(Stored data entries)
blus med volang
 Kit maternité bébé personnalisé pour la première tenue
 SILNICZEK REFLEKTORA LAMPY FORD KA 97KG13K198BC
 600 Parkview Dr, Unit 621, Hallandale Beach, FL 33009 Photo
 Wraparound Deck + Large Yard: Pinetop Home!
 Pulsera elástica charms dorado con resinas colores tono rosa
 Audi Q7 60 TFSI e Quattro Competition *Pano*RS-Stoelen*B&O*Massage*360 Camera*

## Task to carry out:
Having read the records above, print them out again exactly.

## Worked solution:
blus med volang
 Kit maternité bébé personnalisé pour la première tenue
 SILNICZEK REFLEKTORA LAMPY FORD KA 97KG13K198BC
 600 Parkview Dr, Unit 621, Hallandale Beach, FL 33009 Photo
 Wraparound Deck + Large Yard: Pinetop Home!
 Pulsera elástica charms dorado con resinas colores tono rosa
 Audi Q7 60 TFSI e Quattro Competition *Pano*RS-Stoelen*B&O*Massage*360 Camera*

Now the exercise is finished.